“Consolidated Total Assets” means, as of any date of determination, the sum of the amounts that would appear on a consolidated balance sheet of the Issuer and its consolidated Restricted Subsidiaries as the total assets of the Issuer and its Restricted Subsidiaries in accordance with GAAP.
“Continental” means Continental Airlines, Inc., a Delaware corporation (now known as United Airlines, Inc.).
“Continental/UAL Merger” means the merger in which Continental became a Subsidiary of the Issuer.
“Credit Agreement” means the Amended and Restated Credit and Guaranty Agreement, dated as of March 29, 2017, among United as borrower, the Issuer, as a guarantor, the Subsidiaries of the Issuer party thereto from time to time other than United, the lenders party thereto from time to time and JPMorgan Chase Bank, N.A., as administrative agent.
“Credit Facilities” means one or more debt facilities, commercial paper facilities, reimbursement agreements or other agreements providing for the extension of credit, whether secured or unsecured, in each case, with banks, insurance companies, financial institutions or other lenders providing for revolving credit loans, term loans, receivables financing (including through the sale of receivables to such lenders or to special purpose entities formed to borrow from such lenders against such receivables), letters of credit, surety bonds or insurance products, in each case, as amended, restated, modified, renewed, extended, refunded, replaced in any manner (whether upon or after termination or otherwise) or refinanced (including by means of sales of debt securities) in whole or in part from time to time.
“Default” means any event which is, or after notice or passage of time or both would be, an Event of Default.
“Disposition” means, with respect to any property, any sale, lease, sale and leaseback, conveyance, transfer or other disposition thereof.

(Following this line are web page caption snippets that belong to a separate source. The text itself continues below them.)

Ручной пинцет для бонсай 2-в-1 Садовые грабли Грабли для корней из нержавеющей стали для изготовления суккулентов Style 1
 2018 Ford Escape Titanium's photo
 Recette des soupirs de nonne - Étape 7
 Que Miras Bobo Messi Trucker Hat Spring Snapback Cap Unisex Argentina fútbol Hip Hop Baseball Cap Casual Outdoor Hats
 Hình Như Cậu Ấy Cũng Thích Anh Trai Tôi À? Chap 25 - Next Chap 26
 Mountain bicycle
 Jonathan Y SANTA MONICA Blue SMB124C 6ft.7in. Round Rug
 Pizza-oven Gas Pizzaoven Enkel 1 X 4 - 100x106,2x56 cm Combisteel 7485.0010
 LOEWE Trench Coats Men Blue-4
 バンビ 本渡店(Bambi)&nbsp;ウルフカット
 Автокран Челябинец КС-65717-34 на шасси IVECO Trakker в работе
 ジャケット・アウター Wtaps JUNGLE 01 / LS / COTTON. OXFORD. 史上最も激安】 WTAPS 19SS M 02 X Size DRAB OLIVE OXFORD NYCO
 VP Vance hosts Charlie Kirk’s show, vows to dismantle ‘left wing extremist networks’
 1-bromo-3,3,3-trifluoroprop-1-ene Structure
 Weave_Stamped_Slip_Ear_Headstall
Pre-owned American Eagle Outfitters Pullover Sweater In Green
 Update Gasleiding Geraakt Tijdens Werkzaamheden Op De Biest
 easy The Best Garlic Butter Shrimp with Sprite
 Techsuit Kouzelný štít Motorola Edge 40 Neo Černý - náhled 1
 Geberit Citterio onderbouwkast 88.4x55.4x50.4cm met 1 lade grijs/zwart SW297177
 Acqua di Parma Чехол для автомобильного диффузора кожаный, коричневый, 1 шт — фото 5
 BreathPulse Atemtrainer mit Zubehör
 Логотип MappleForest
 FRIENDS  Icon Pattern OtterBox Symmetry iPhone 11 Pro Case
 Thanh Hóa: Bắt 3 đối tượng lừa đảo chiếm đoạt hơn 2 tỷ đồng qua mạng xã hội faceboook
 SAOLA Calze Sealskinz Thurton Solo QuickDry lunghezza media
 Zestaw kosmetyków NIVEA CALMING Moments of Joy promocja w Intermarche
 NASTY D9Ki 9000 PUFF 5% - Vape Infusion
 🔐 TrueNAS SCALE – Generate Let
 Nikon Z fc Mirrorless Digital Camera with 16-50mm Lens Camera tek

The terms “Dispose” and “Disposed of” shall have correlative meanings.
“Disqualified Stock” means any Capital Stock that, by its terms (or by the terms of any security into which it is convertible, or for which it is exchangeable, in each case, at the option of the holder of the Capital Stock), or upon the happening of any event, matures or is mandatorily redeemable, pursuant to a sinking fund obligation or otherwise (other than as a result of a change of control or asset sale), is convertible or exchangeable for Indebtedness or Disqualified Stock, or is redeemable at the option of the holder of the Capital Stock, in whole or in part (other than as a result of a change of control or asset sale), on or prior to the date that is 91 days after the date on which the Notes mature. Notwithstanding the preceding sentence, any Capital Stock that would constitute Disqualified Stock solely because the holders of the Capital Stock have the right to require the Issuer to repurchase such Capital Stock upon the occurrence of a change of control or an asset sale will not constitute Disqualified Stock if the terms of such Capital Stock provide that the Issuer may not repurchase or redeem any such Capital Stock pursuant to such provisions unless such repurchase or redemption complies with Section 4.2 hereof. The amount of Disqualified Stock deemed to be outstanding at any time for purposes of the Indenture will be the maximum amount that the Issuer and its Restricted Subsidiaries may become obligated to pay upon the maturity of, or pursuant to any mandatory redemption provisions of, such Disqualified Stock, exclusive of accrued dividends.